------ Data records

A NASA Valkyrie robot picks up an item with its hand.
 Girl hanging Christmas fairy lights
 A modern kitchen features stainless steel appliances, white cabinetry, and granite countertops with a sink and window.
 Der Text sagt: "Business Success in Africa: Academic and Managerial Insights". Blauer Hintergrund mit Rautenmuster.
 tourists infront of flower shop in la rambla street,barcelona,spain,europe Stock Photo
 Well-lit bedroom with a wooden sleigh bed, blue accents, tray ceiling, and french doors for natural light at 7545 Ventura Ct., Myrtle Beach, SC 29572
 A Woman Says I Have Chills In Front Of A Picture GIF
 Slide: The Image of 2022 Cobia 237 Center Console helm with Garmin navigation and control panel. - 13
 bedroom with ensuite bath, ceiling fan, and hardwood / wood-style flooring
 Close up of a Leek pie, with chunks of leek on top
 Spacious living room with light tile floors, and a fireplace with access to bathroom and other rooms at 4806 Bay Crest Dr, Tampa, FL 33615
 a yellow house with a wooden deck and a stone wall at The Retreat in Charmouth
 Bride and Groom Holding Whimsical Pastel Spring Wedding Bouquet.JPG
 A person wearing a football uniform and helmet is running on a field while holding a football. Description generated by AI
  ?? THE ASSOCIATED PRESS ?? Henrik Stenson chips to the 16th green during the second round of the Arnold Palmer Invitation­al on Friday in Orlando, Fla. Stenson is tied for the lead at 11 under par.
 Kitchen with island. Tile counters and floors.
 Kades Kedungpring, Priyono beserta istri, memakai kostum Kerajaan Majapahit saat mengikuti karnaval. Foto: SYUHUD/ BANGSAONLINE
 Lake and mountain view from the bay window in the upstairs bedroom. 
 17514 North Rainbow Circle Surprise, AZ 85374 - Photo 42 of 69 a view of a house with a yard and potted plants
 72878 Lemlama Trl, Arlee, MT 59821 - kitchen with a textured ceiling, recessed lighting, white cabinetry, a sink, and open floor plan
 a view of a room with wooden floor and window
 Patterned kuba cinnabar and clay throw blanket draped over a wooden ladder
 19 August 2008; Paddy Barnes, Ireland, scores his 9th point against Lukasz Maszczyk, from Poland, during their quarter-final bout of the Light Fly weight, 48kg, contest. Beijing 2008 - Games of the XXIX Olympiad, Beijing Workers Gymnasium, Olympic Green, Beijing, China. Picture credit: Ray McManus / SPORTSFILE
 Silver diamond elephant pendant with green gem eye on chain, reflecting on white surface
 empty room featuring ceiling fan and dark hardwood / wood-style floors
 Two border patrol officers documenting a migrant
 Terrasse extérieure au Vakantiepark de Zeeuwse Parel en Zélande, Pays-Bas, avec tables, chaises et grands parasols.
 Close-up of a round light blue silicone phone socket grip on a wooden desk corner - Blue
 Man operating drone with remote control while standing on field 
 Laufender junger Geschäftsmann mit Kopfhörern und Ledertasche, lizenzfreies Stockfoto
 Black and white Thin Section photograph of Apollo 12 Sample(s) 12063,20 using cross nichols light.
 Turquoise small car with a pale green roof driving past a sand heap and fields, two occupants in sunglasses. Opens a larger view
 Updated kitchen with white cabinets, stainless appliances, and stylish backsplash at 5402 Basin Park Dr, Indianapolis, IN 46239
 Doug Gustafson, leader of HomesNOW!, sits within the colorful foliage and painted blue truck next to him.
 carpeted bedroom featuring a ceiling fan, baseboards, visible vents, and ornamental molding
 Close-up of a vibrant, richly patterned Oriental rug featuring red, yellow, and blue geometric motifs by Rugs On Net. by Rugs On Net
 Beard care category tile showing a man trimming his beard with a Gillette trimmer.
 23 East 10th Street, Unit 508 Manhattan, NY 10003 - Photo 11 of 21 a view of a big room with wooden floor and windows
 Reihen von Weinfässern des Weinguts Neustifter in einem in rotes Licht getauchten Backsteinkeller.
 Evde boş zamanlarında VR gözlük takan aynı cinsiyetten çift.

------------

* [Assignment]:
Every piece of the data is to be set down again exactly.

* [Answer to the problem]:
A NASA Valkyrie robot picks up an item with its hand.
 Girl hanging Christmas fairy lights
 A modern kitchen features stainless steel appliances, white cabinetry, and granite countertops with a sink and window.
 Der Text sagt: "Business Success in Africa: Academic and Managerial Insights". Blauer Hintergrund mit Rautenmuster.
 tourists infront of flower shop in la rambla street,barcelona,spain,europe Stock Photo
 Well-lit bedroom with a wooden sleigh bed, blue accents, tray ceiling, and french doors for natural light at 7545 Ventura Ct., Myrtle Beach, SC 29572
 A Woman Says I Have Chills In Front Of A Picture GIF
 Slide: The Image of 2022 Cobia 237 Center Console helm with Garmin navigation and control panel. - 13
 bedroom with ensuite bath, ceiling fan, and hardwood / wood-style flooring
 Close up of a Leek pie, with chunks of leek on top
 Spacious living room with light tile floors, and a fireplace with access to bathroom and other rooms at 4806 Bay Crest Dr, Tampa, FL 33615
 a yellow house with a wooden deck and a stone wall at The Retreat in Charmouth
 Bride and Groom Holding Whimsical Pastel Spring Wedding Bouquet.JPG
 A person wearing a football uniform and helmet is running on a field while holding a football. Description generated by AI
  ?? THE ASSOCIATED PRESS ?? Henrik Stenson chips to the 16th green during the second round of the Arnold Palmer Invitation­al on Friday in Orlando, Fla. Stenson is tied for the lead at 11 under par.
 Kitchen with island. Tile counters and floors.
 Kades Kedungpring, Priyono beserta istri, memakai kostum Kerajaan Majapahit saat mengikuti karnaval. Foto: SYUHUD/ BANGSAONLINE
 Lake and mountain view from the bay window in the upstairs bedroom. 
 17514 North Rainbow Circle Surprise, AZ 85374 - Photo 42 of 69 a view of a house with a yard and potted plants
 72878 Lemlama Trl, Arlee, MT 59821 - kitchen with a textured ceiling, recessed lighting, white cabinetry, a sink, and open floor plan
 a view of a room with wooden floor and window
 Patterned kuba cinnabar and clay throw blanket draped over a wooden ladder
 19 August 2008; Paddy Barnes, Ireland, scores his 9th point against Lukasz Maszczyk, from Poland, during their quarter-final bout of the Light Fly weight, 48kg, contest. Beijing 2008 - Games of the XXIX Olympiad, Beijing Workers Gymnasium, Olympic Green, Beijing, China. Picture credit: Ray McManus / SPORTSFILE
 Silver diamond elephant pendant with green gem eye on chain, reflecting on white surface
 empty room featuring ceiling fan and dark hardwood / wood-style floors
 Two border patrol officers documenting a migrant
 Terrasse extérieure au Vakantiepark de Zeeuwse Parel en Zélande, Pays-Bas, avec tables, chaises et grands parasols.
 Close-up of a round light blue silicone phone socket grip on a wooden desk corner - Blue
 Man operating drone with remote control while standing on field 
 Laufender junger Geschäftsmann mit Kopfhörern und Ledertasche, lizenzfreies Stockfoto
 Black and white Thin Section photograph of Apollo 12 Sample(s) 12063,20 using cross nichols light.
 Turquoise small car with a pale green roof driving past a sand heap and fields, two occupants in sunglasses. Opens a larger view
 Updated kitchen with white cabinets, stainless appliances, and stylish backsplash at 5402 Basin Park Dr, Indianapolis, IN 46239
 Doug Gustafson, leader of HomesNOW!, sits within the colorful foliage and painted blue truck next to him.
 carpeted bedroom featuring a ceiling fan, baseboards, visible vents, and ornamental molding
 Close-up of a vibrant, richly patterned Oriental rug featuring red, yellow, and blue geometric motifs by Rugs On Net. by Rugs On Net
 Beard care category tile showing a man trimming his beard with a Gillette trimmer.
 23 East 10th Street, Unit 508 Manhattan, NY 10003 - Photo 11 of 21 a view of a big room with wooden floor and windows
 Reihen von Weinfässern des Weinguts Neustifter in einem in rotes Licht getauchten Backsteinkeller.
 Evde boş zamanlarında VR gözlük takan aynı cinsiyetten çift.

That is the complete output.